The brand code and distinctive brand asset conversation has come a long way in recent years and the power of brand codes in driving brand attribution, salience and growth is now foundational to Australian marketing practice.
Many marketers have run quantitative research measuring brand assets on fame and uniqueness and it’s clear brand codes are essential, driving higher performing creative.
But what’s the most effective way of managing them in today’s demanding and fragmented communications environment? How many brand codes do you need and can you have too many?
At the heart of this question is mental availability and as Professor Byron Sharp recently noted, multiple pieces of creative isn’t the way to go. He states that is actually works against the process of encoding vital memories in the minds of consumers, with likely negative growth impacts.
The same could be said for brand codes: If the key to building mental availability is ongoing exposure to low-frequency or new (out of category) customers, it’s crucial brand codes are streamlined, simplified and activated heavily on every piece of comms so that even a fleeting glance at a bus shelter poster is effectively branded and gives you a good bang for your buck.
Perhaps this is why many of today’s best brands are losing previously sacred brand assets.
Why cutting codes makes sense
Most brands aren’t so flush with assets that they need to cut them. But for some brands, the build-up of legacy assets over time means they can be revised and consolidated to communicate more effectively.
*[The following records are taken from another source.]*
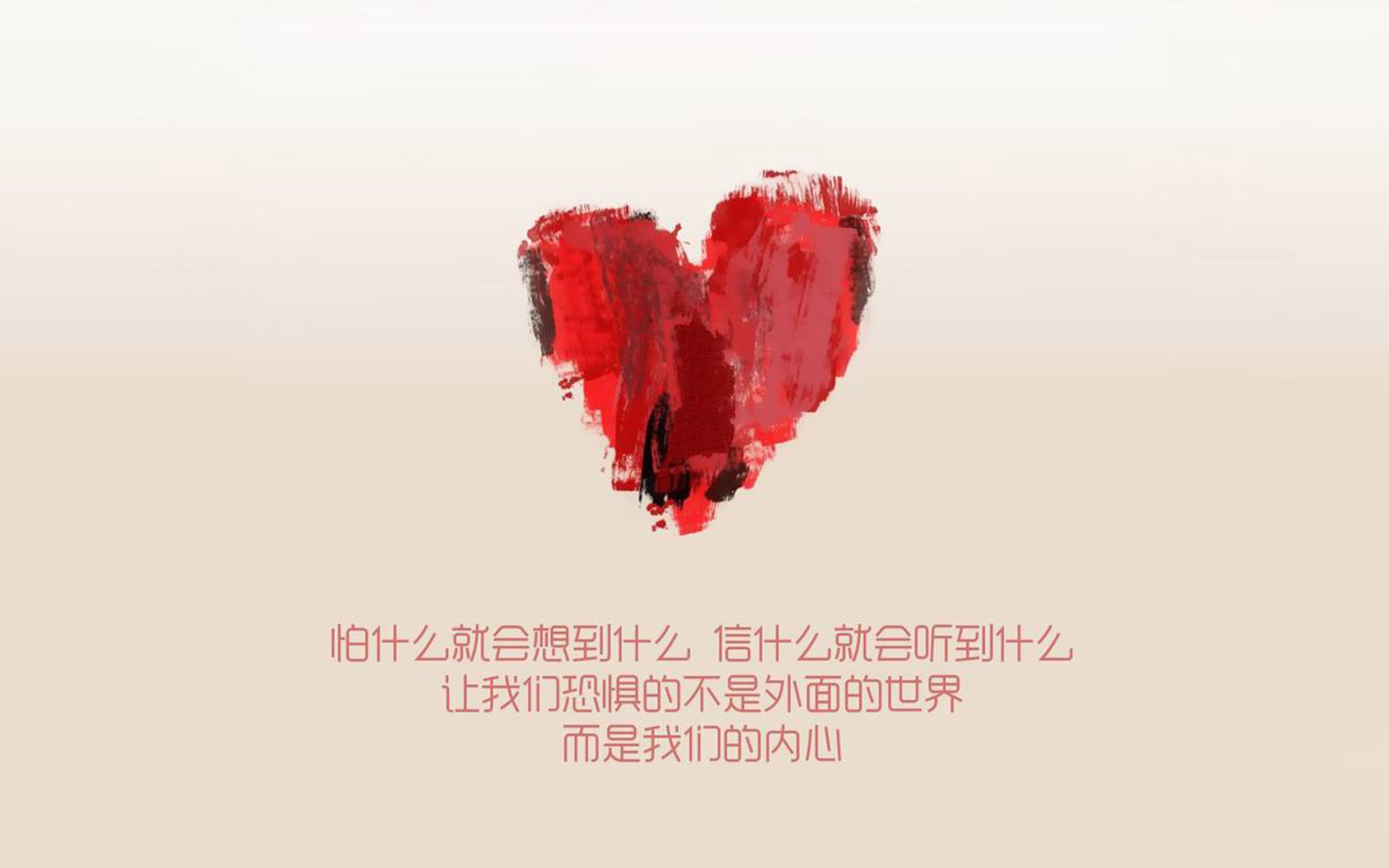 自由人队外援表现亮眼，自由人球队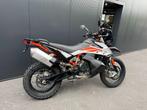 KTM - 790 ADVENTURE R, Motoren, 2 cilinders, 790 cc, Bedrijf, Meer dan 35 kW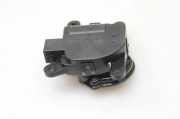 Regelventile für Innenraumheizung KIA SORENTO II (XM) 2.2 CRDi H400730820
For example, in the US, the Dunkin’ rebrand removed ‘Donuts’ from the name and the coffee cup logo. It was a big decision that undoubtedly caused a few sleepless nights, but it gave greater focus to more valuable assets.
The unique colour palette and typeface became central, instantly coding all communications activity, effortlessly balancing message and brand by being ever present.
This gave the design team the creative freedom to be playful and expressive, refreshing all content and comms whilst ensuring the brand is consistently, unmistakably Dunkin’. The brand team used those two essential codes to create a digital-friendly ‘DNKN’ shorthand acronym, perfect for favicons and app buttons.
Use it or lose it
You need to use your brand codes if you want to keep them because people’s memory of them tends to erode over time.
With attention spans shorter and memory storage increasingly full, the call to remove the pin and leverage the highly distinctive blue and red dash device has made Officeworks a more effective brand.
Having fewer codes means Officeworks can better bridge channels and categories with a codified, flexible design system based on the blue and red dash.
Having a greater focus and clarity on how to activate codes helps brand management, in-house creative and partner agency teams with fewer yet more impactful tools.
And it gives your media spend a greater bang for your buck by drawing consumers’ eyes to the harder working, more strategically valuable assets that can be activated in all formats.
Banks and brand codes
Some brand assets symbolise a bygone era and have an inherent meaning that conflicts with the story your brand is trying to tell.
The recent NAB identity refresh revealed a renewed focus on the star, lifting it out of the end frame logo lockup and bringing it to life in creative across multiple channels.
This was a conscious decision to improve brand attribution but also leverage the star's symbolic meaning and what it has meant – guidance, protection, excellence, the divine – for thousands of years.
If you’re lucky enough to have a distinctive brand asset with deep in-built meaning it’s vital that you activate it, as another bank can attest. ING recently undertook a significant brand asset shift ditching long-time brand ambassador Isla Fisher and bringing the brand’s lion to life.
Lions are rich in cultural meaning. They are top of the food chain symbolising courage, nobility, royalty, strength, stateliness, and valour. For too long the ING lion sat in the top right of comms adding prestige but doing nothing. If you look at the ING Australia home page now, the lion is chilling in the bath, satisfied with his financial choices. He rightly takes the credit, much like HBF’s highly distinctive quokkas who tell a richer brand story.
Let’s be real, brand equity is hard-earned and the decision to cut famous brand codes shouldn’t be taken lightly.
But don’t let hard brand management decisions hold your brand back. Focusing on what’s truly distinctive about your brand, stripping out unnecessary assets and activating your codes more often might be what unlocks your brand’s potential.